En France, de 1968 à 1999, les surfaces urbaines connaissent une croissance de 45 %, alors que la population urbaine n’augmente que de 27 %. En 1954, 7,6 % du territoire est urbanisé ; aujourd’hui le bâti occupe 18,4 % du territoire métropolitain. De 1975 à 1999, les agglomérations connaissent en moyenne un étalement de 18 % de leurs superficies[18]. Cette urbanisation s’organise sous forme des zones à urbaniser en priorité (ZUP). De 1958 à 1968, l’État préconise le développement rapide des surfaces urbanisées pour supporter la forte croissance démographique qui a lieu durant cette période.

C’est une période où la périphérie des villes se développe vite. Les grands ensembles apparaissent comme la solution la plus pratique. On construit des tours qui permettent de loger un maximum de personnes en un minimum de temps. Ces ensembles semblent plaire à l’opinion publique qui y voit un logement moderne, fonctionnel et abordable. Au cours des décennies l’image de ces quartiers formés de barres d’immeubles se dégrade et devient associée au fait d’un étalement urbain intensif des années 1950 à 1970, qui ne se souciait pas du bien-être des habitants mais uniquement d'accueillir les populations immigrées de façon rapide et financièrement avantageuse[19].

À partir de la fin des années 1970, l’étalement urbain s’organise en opérations individuelles groupées ou dispersées. Cela entraîne l’élargissement de certaines villes au détriment des communes et des populations rurales, qui se rapprochent et disparaissent dans les communes les plus importantes. Entre 1962 et 1968 la France connaît sa plus forte explosion des territoires urbanisés. Le bâti progresse de 20 000 km2 en six ans, ce qui représente une évolution de 40 % des surfaces urbanisées. Jusqu’en 2000, les territoires urbains progressent seulement de 30 000 km2, ce qui paraît peu comparativement aux années 1960.

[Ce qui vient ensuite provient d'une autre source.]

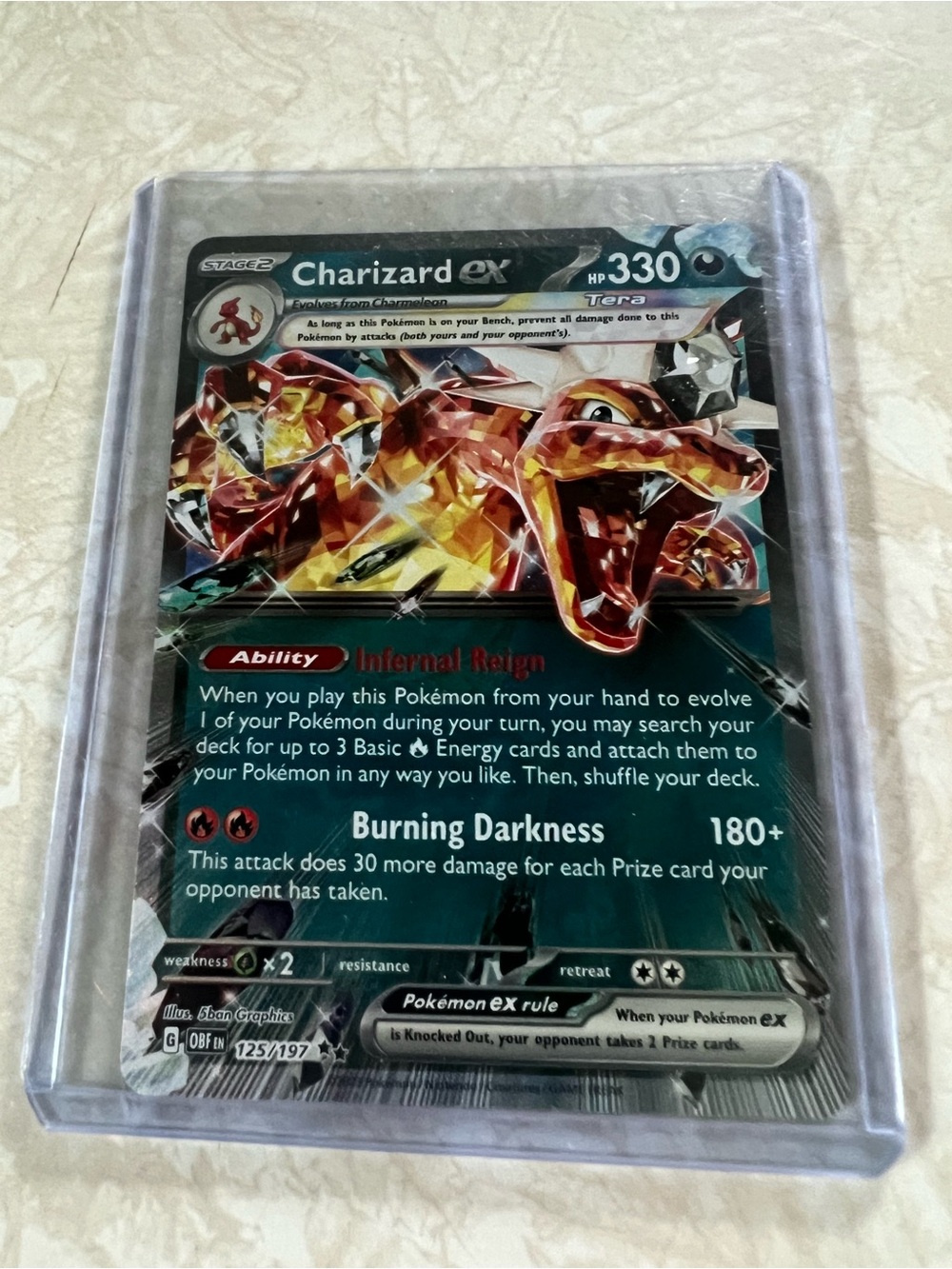 Pokemon Charizard ex Holo Card - Red, Yellow, Orange, Blue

Depuis les années 1980, les communes françaises les plus peuplées connaissent une stagnation voire une baisse de leurs populations. Ce sont les communes périurbaines qui présentent les taux de croissance les plus importants. Les familles et les jeunes couples cherchent notamment à s’éloigner des centres-villes, pour obtenir un meilleur cadre de vie. Ils quittent donc les centres et leurs proches banlieues pour les communes périurbaines. Entre 1990 et 1999, la population progresse de 0,12 % par an dans les villes-centres, de 0,42 % dans les banlieues et de 1,03 % dans les couronnes périurbaines métropolitaines. Sur la même période 677 communes deviennent urbaines.

Au contraire des États-Unis, l'étalement urbain en France est, schématiquement, le fait des populations à faibles ressources. En effet, la gentrification des centres y a entraîné une hausse du coût de la vie, rendant ces espaces trop chers pour les populations modestes[17]. Les politiques publiques françaises favorisent l'implantation des ménages à moyens et faibles revenus dans les espaces périphériques, entraînant un isolement et des difficultés sociales dans ces périphéries[20].

De nouvelles stratégies de développement urbain semblent voir le jour, initiées par des collectivités locales. Elles visent, en partie, à reconquérir des emprises foncières situées en cœur de ville. Selon une analyse portée par Veolia et France Nature Environnement, ces nouvelles stratégies ont trois types d'effets : la destruction d'espaces nécessaire aux réseaux écologiques des habitats naturels et des espèces sauvages, la constitution d'obstacles à la circulation des espèces sauvages (par des barrières ou l'augmentation des distances) et la modification d'espaces ou d'usages en bordure des aménagements[21].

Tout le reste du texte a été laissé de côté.